**DATA SECTION**
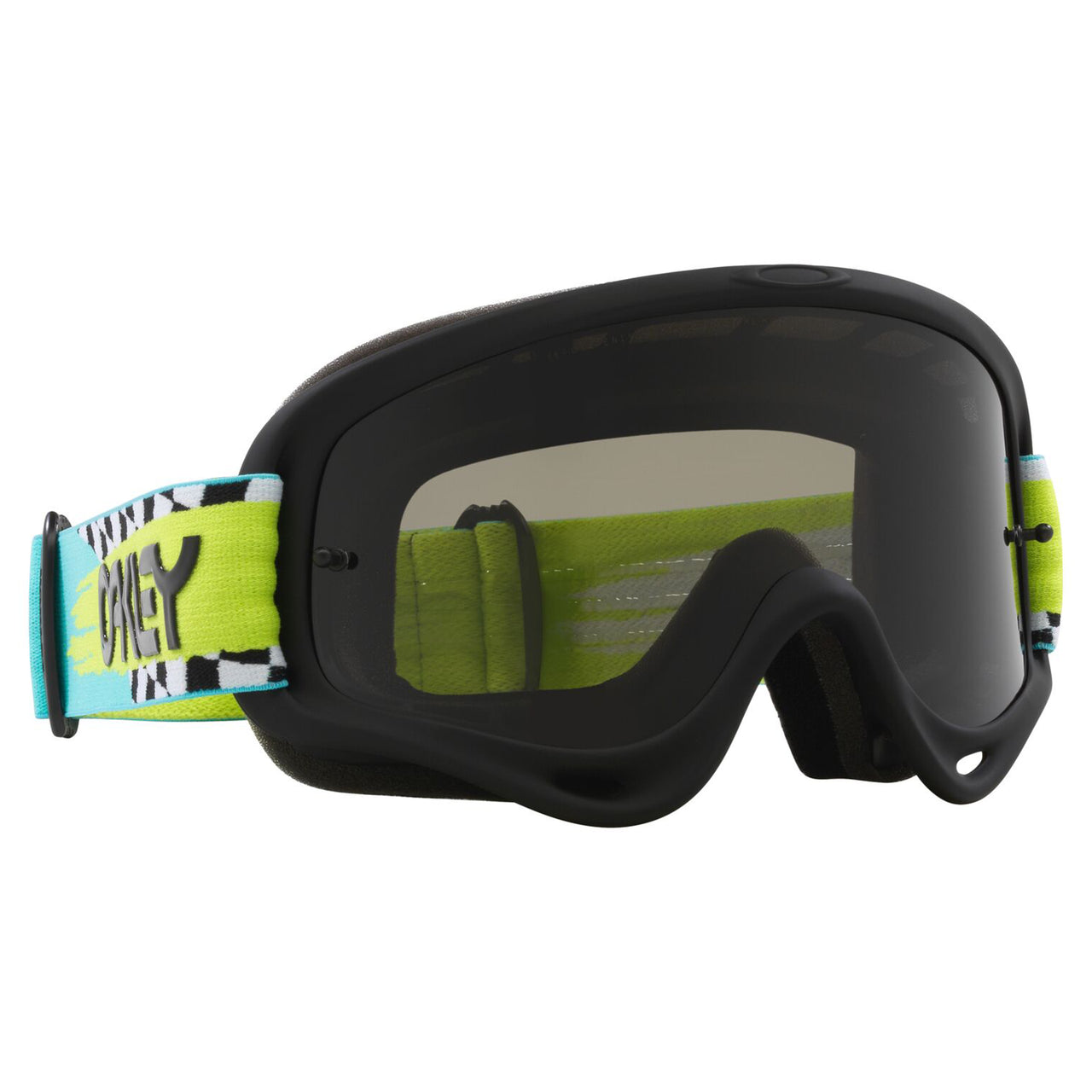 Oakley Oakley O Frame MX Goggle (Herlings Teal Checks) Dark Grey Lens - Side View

...

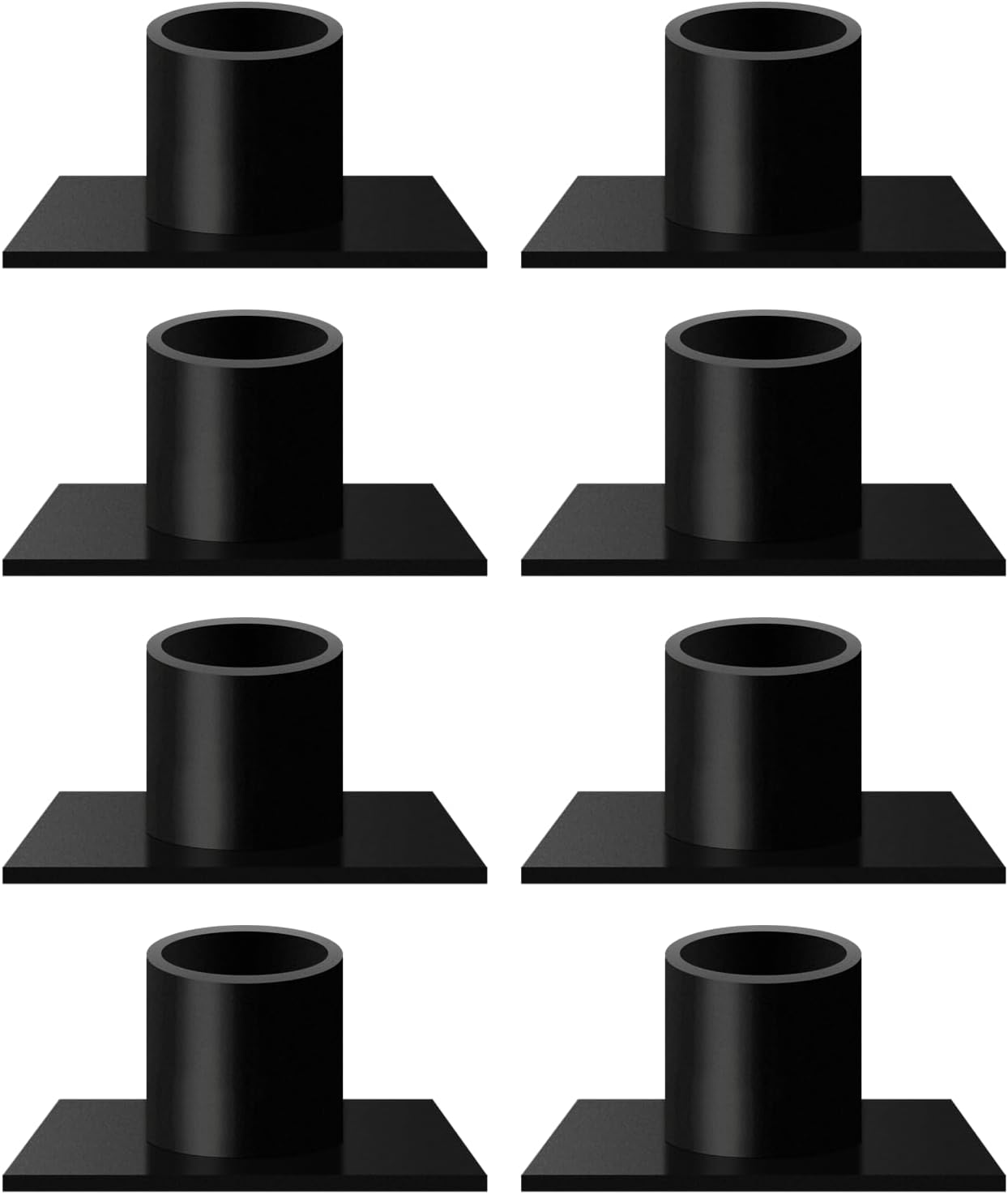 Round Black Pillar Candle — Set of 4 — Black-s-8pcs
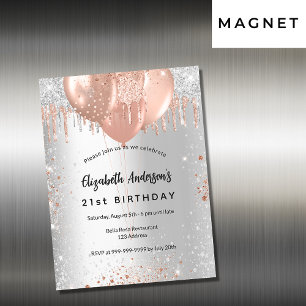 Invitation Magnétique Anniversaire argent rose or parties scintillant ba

* * *

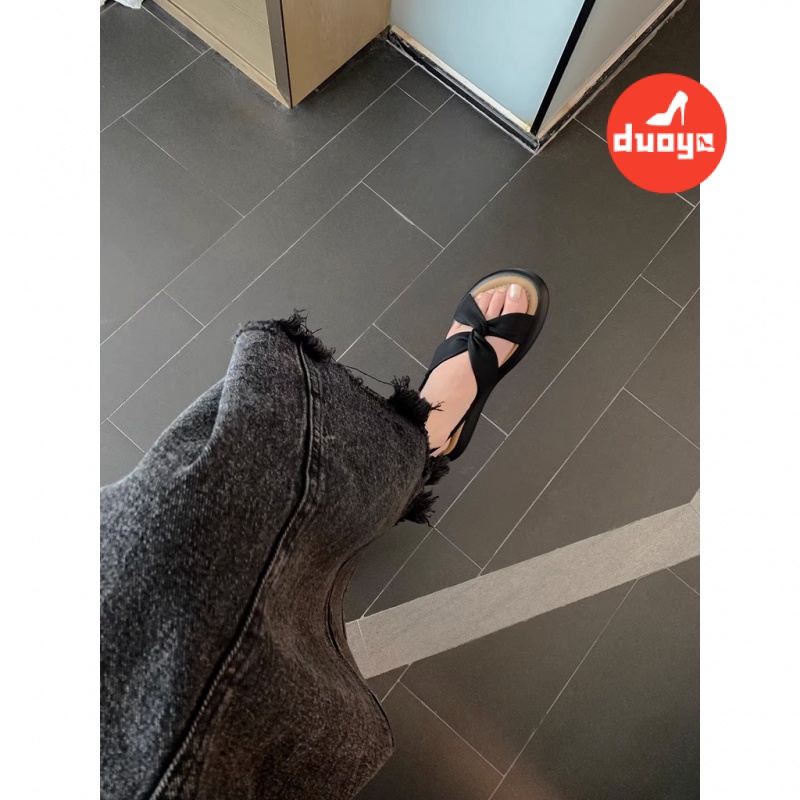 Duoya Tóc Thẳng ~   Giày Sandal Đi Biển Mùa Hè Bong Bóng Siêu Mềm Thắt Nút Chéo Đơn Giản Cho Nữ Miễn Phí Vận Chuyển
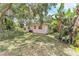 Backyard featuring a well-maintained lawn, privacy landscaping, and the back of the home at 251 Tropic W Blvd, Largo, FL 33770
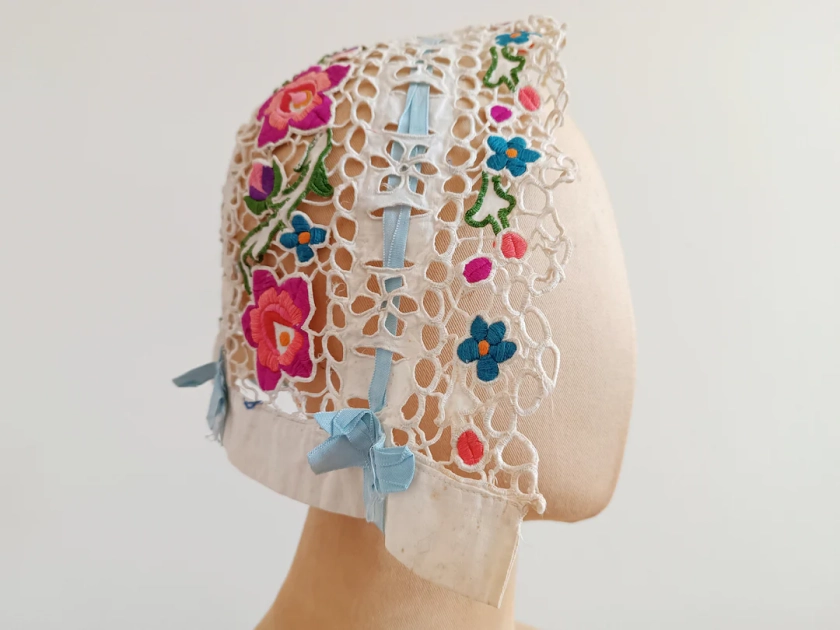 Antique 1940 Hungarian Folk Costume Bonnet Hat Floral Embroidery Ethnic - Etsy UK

**WHAT IS NEEDED**
Pictures in the material above should be skipped; print exactly the lines from the one with "Duoya Tóc Thẳng" through the one with "Antique 1940 Hungarian".

**RESPONSE BELOW**
 Duoya Tóc Thẳng ~   Giày Sandal Đi Biển Mùa Hè Bong Bóng Siêu Mềm Thắt Nút Chéo Đơn Giản Cho Nữ Miễn Phí Vận Chuyển
 Backyard featuring a well-maintained lawn, privacy landscaping, and the back of the home at 251 Tropic W Blvd, Largo, FL 33770
 Antique 1940 Hungarian Folk Costume Bonnet Hat Floral Embroidery Ethnic - Etsy UK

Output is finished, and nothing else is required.